##### Available records #####
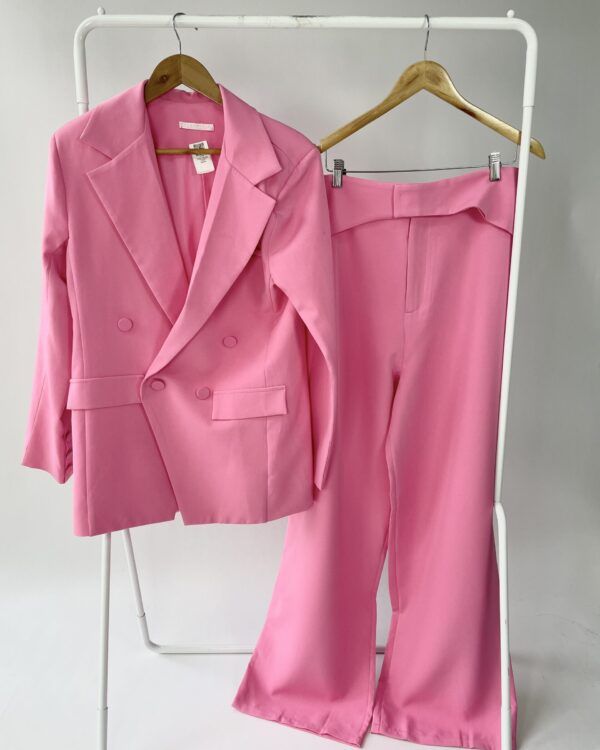 Conjunto rosa calça e blazer CURADORIA - G *NUNCA USADO* - VENDIDO SISTEMA OTO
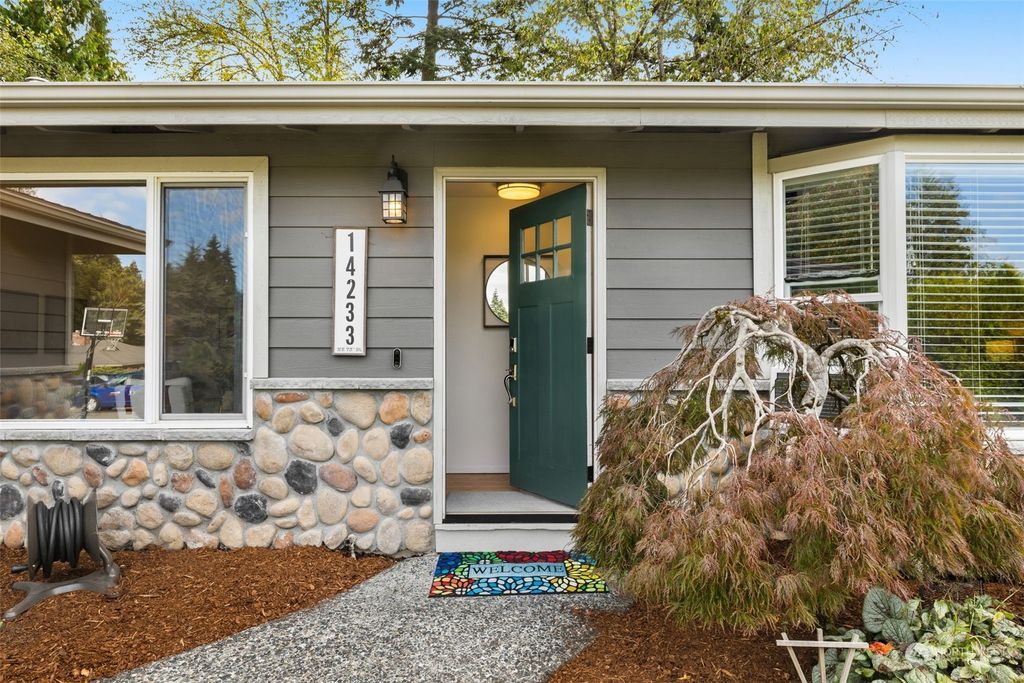 Photo of 14233 NE 73rd Street, Redmond, WA 98052 (MLS # 2299007)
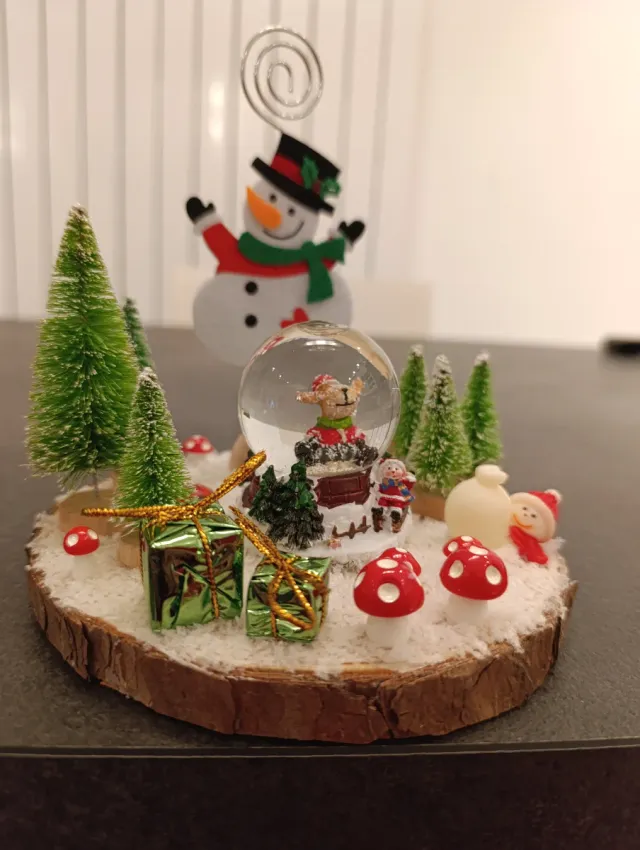 Palla di vetro natalizia e pupazzo neve portafoto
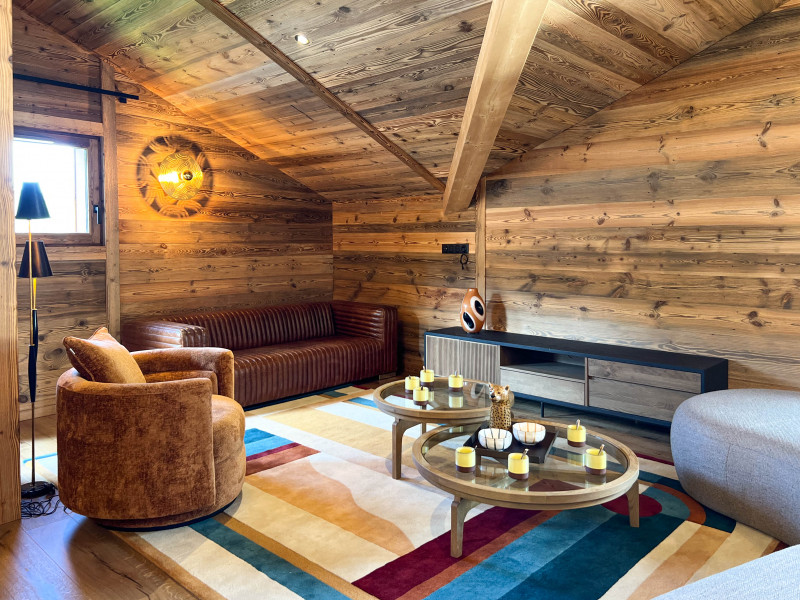 Agora-202-salon-location-appartement-chalet-Les-Gets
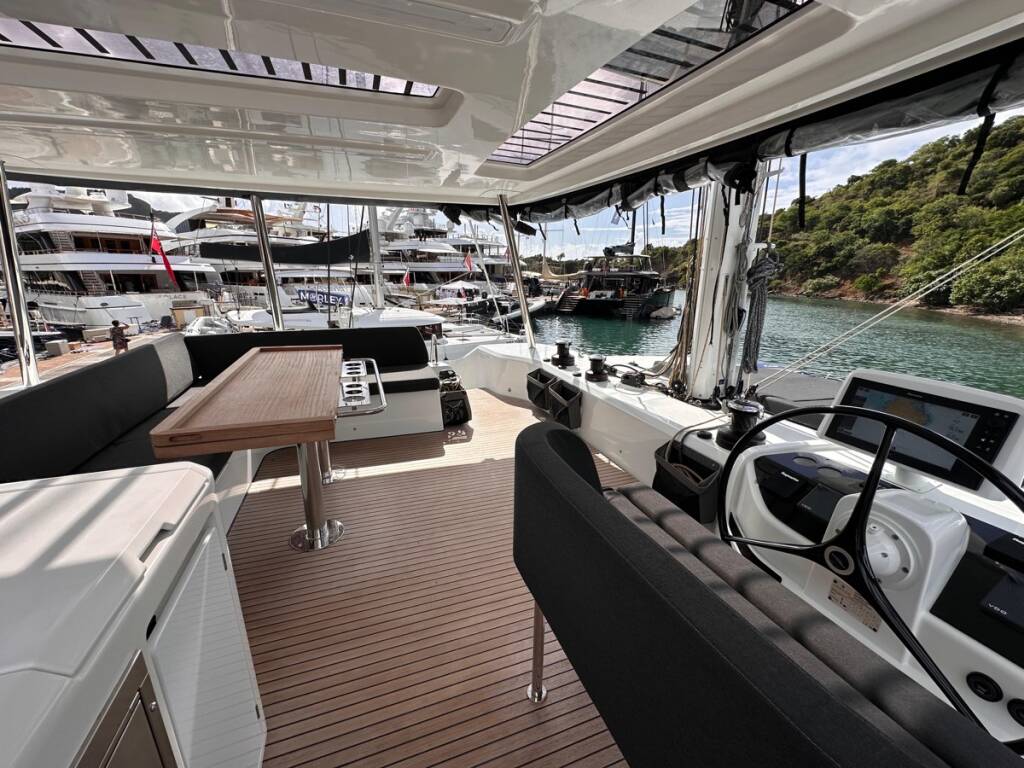 Lagoon 55  Maui- FIRST CLASS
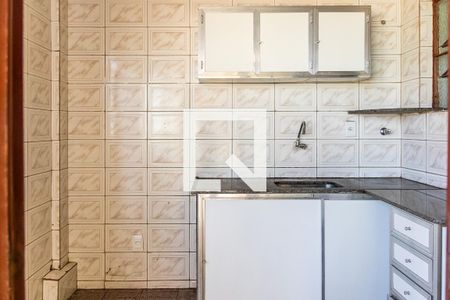 Casa à venda com 100m², 2 quartos e 1 vaga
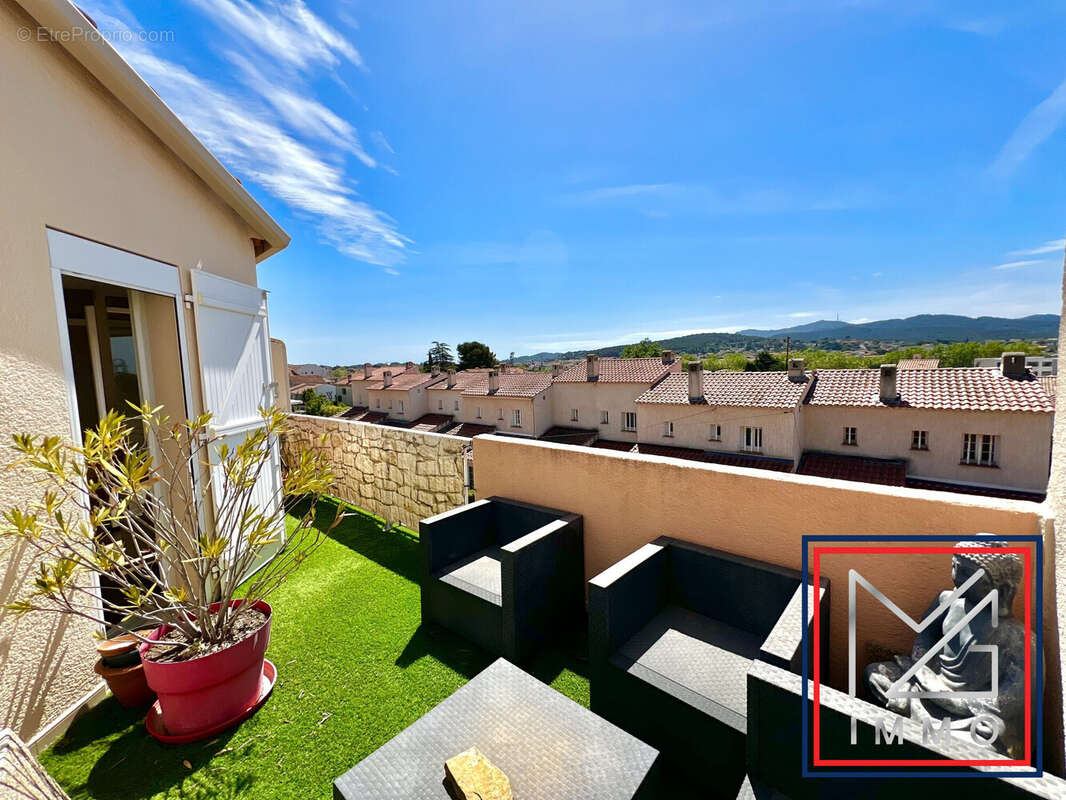 Appartement à SIX-FOURS-LES-PLAGES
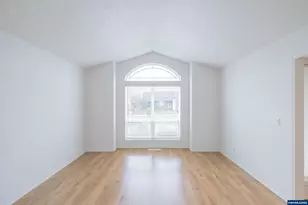 1851 Cougar Ave SW, Albany, OR 97321 - Photo 12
#####
> Work order: Copy every record exactly; no pictures.

> Task output:
 Conjunto rosa calça e blazer CURADORIA - G *NUNCA USADO* - VENDIDO SISTEMA OTO
 Photo of 14233 NE 73rd Street, Redmond, WA 98052 (MLS # 2299007)
 Palla di vetro natalizia e pupazzo neve portafoto
 Agora-202-salon-location-appartement-chalet-Les-Gets
 Lagoon 55  Maui- FIRST CLASS
 Casa à venda com 100m², 2 quartos e 1 vaga
 Appartement à SIX-FOURS-LES-PLAGES
 1851 Cougar Ave SW, Albany, OR 97321 - Photo 12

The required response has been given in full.